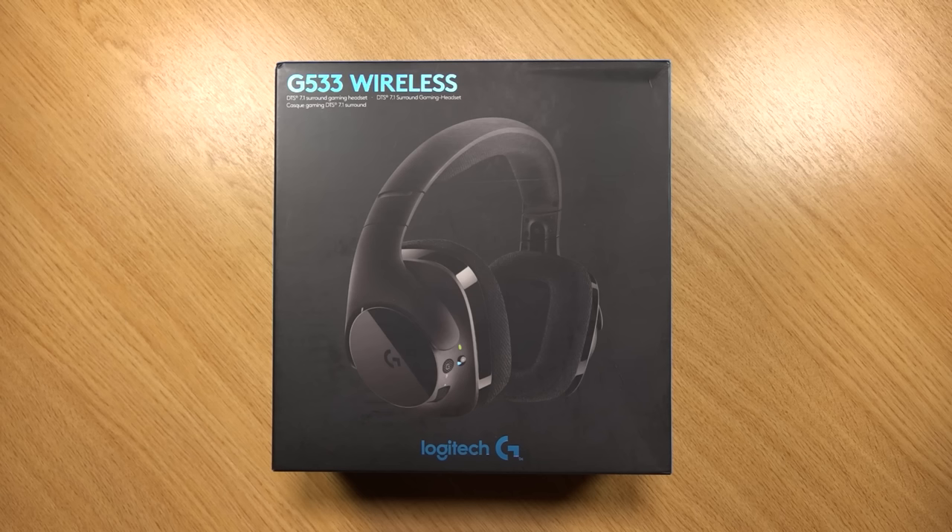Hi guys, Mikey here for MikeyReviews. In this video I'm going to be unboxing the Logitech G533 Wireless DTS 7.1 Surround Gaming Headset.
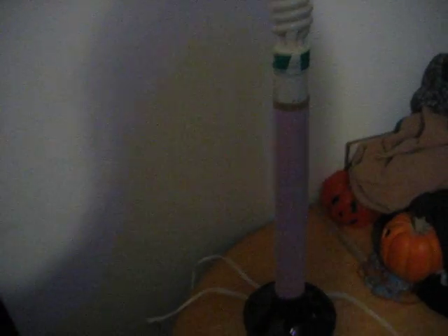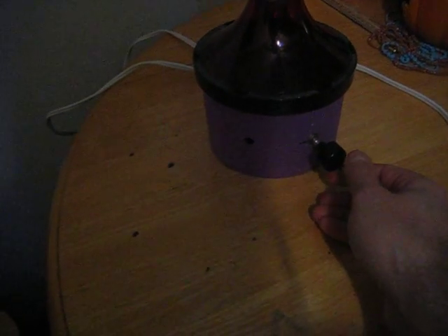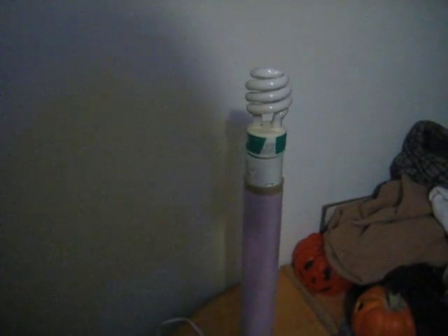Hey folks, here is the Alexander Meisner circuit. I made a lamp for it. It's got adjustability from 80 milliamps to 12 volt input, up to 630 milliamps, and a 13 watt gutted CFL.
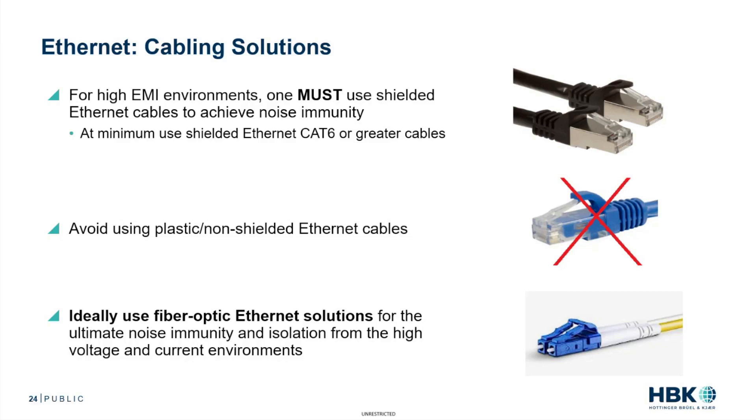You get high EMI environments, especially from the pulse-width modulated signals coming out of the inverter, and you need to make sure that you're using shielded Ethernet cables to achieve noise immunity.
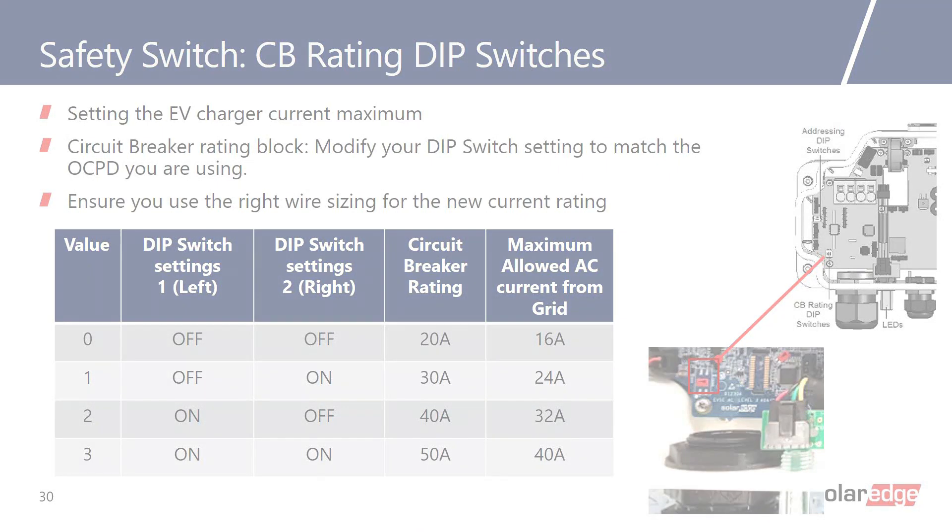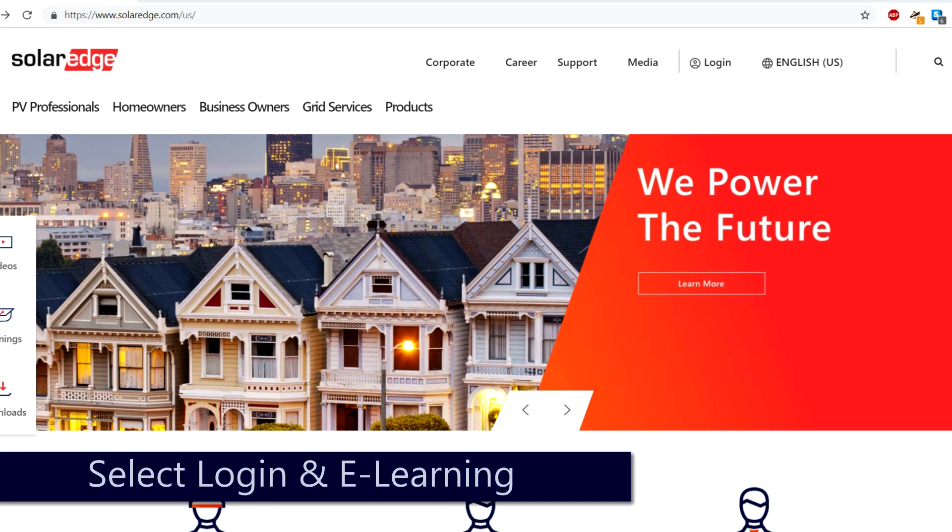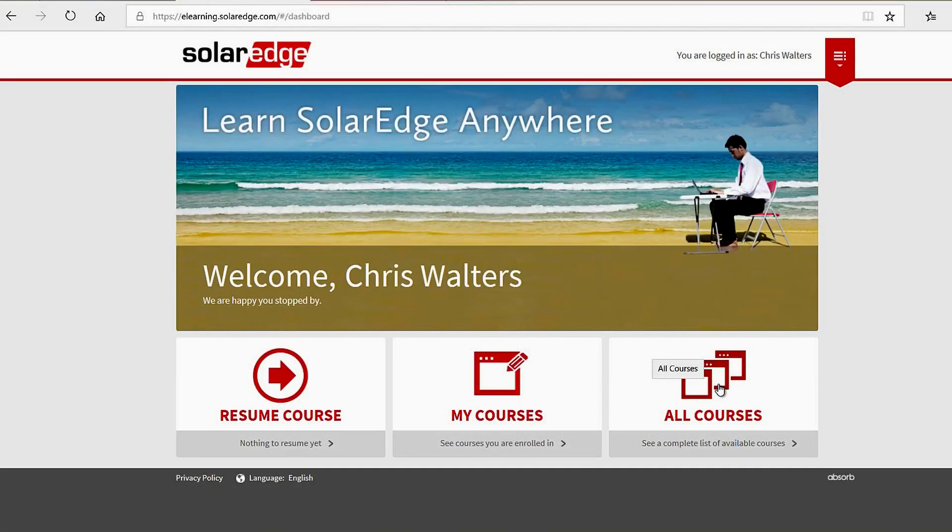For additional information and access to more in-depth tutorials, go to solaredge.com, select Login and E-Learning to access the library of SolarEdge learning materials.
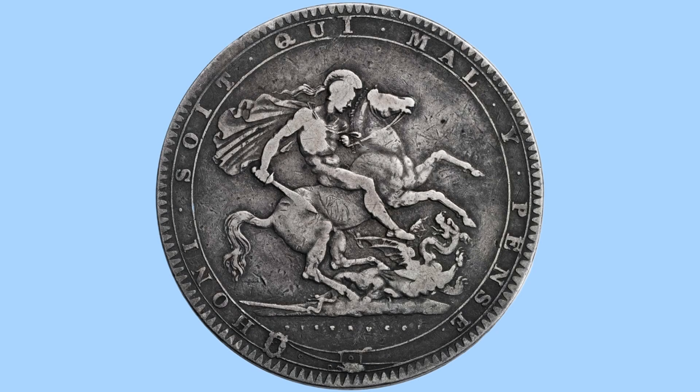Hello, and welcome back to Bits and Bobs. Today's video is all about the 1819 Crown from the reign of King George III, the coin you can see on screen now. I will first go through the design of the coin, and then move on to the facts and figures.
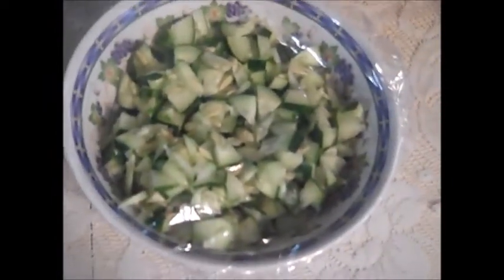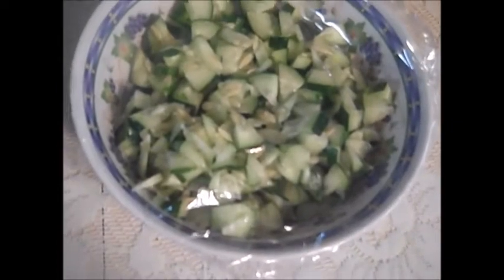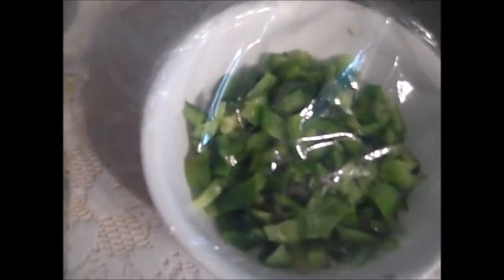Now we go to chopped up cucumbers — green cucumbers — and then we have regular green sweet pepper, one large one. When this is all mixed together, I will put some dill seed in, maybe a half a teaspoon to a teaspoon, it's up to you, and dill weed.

---*---

#### [Instructions to follow]
Exactly as they appear above, write out all the entries, but not the images.

#### [Solution for this task]
Hi guys, Mikey here for MikeyReviews. In this video I'm going to be unboxing the Logitech G533 Wireless DTS 7.1 Surround Gaming Headset.
Hey folks, here is the Alexander Meisner circuit. I made a lamp for it. It's got adjustability from 80 milliamps to 12 volt input, up to 630 milliamps, and a 13 watt gutted CFL.
You get high EMI environments, especially from the pulse-width modulated signals coming out of the inverter, and you need to make sure that you're using shielded Ethernet cables to achieve noise immunity.
For additional information and access to more in-depth tutorials, go to solaredge.com, select Login and E-Learning to access the library of SolarEdge learning materials.
Hello, and welcome back to Bits and Bobs. Today's video is all about the 1819 Crown from the reign of King George III, the coin you can see on screen now. I will first go through the design of the coin, and then move on to the facts and figures.
Now we go to chopped up cucumbers — green cucumbers — and then we have regular green sweet pepper, one large one. When this is all mixed together, I will put some dill seed in, maybe a half a teaspoon to a teaspoon, it's up to you, and dill weed.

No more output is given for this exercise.